俺もこういうお店に一人で入店する勇気はない。
「二人でも思ったより恥ずかしい。無理かも」と一朗が弱気な発言をした。
こういう時は和哉がいて、「琴音、一朗君からプレゼントがほちーのぉ」みたいにふざけると良い効果なのだが、彼は今いないし俺はそういうことは苦手だ。

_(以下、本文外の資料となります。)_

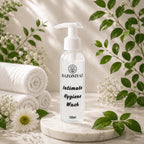 Razo Niyaz Intimate Hygiene Wash 120ml pump bottle on marble with white towels and green leaves.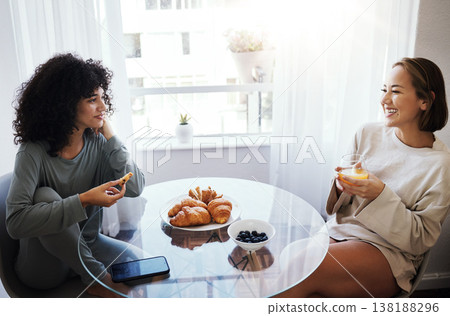 Orange juice, eating breakfast and happy lesbian couple at table in home bonding. Drink, food or croissant of gay women in the morning together for nutrition, diet or healthy interracial relationship 138188296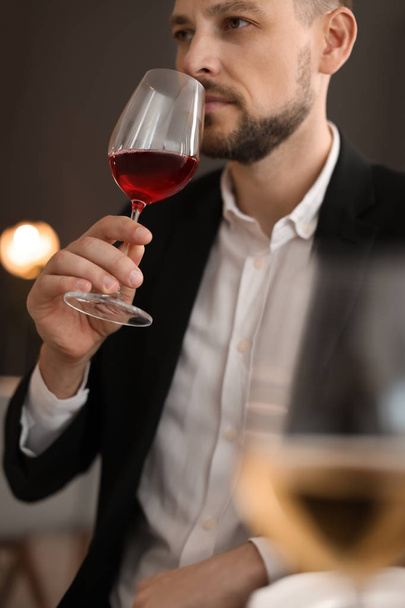 Young man with glass of wine indoors - Fotoğraf, Görsel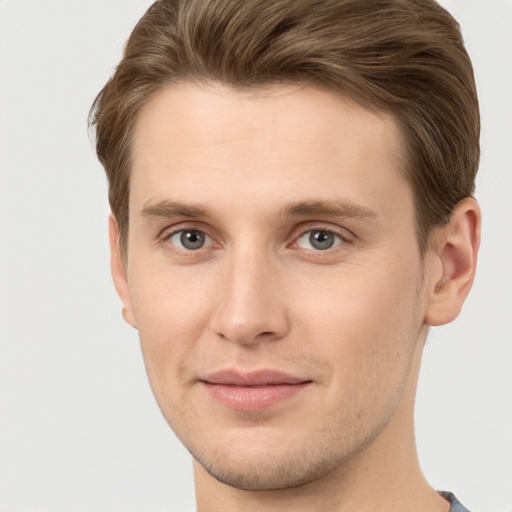 Joyful white young-adult male with short  brown hair and grey eyes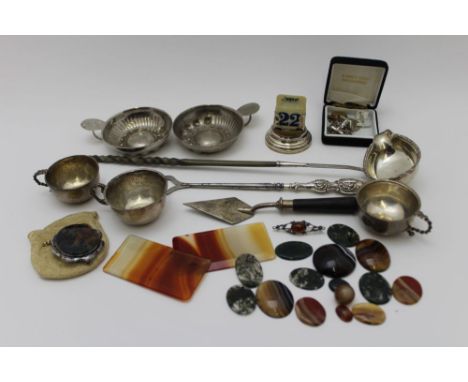 A Georgian silver ladle, the bowl with pouring spout, having gadrooned rim and twisted whale bone handle, two taste vins, a b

一朗もそう思ったのか、「和哉も呼べば良かった」とボソッと呟いた。
一朗は目を閉じて深呼吸をして、「よし、行く」と目を見開いたけど動かない。
顔色が悪いし顔が強張っている。昨日の決勝前でもこんなに緊張した姿を見せなかったのに。
「頑張ろうぜ。っていうか、高松や佐島さんに付き添いを頼めば良かったんじゃないか?」
「琴音ちゃん不在で他の女子と出歩くのも、他の女子に選んでもらうのも嫌だ。逆だとめちゃくちゃ嫌だから」
「そうなのか」
二人でなんとか入店すると、店員さんは俺たちを見て普通の挨拶をしただけで、近寄ってきたり、「彼女さんにですか?」みたいな接客はしなかった。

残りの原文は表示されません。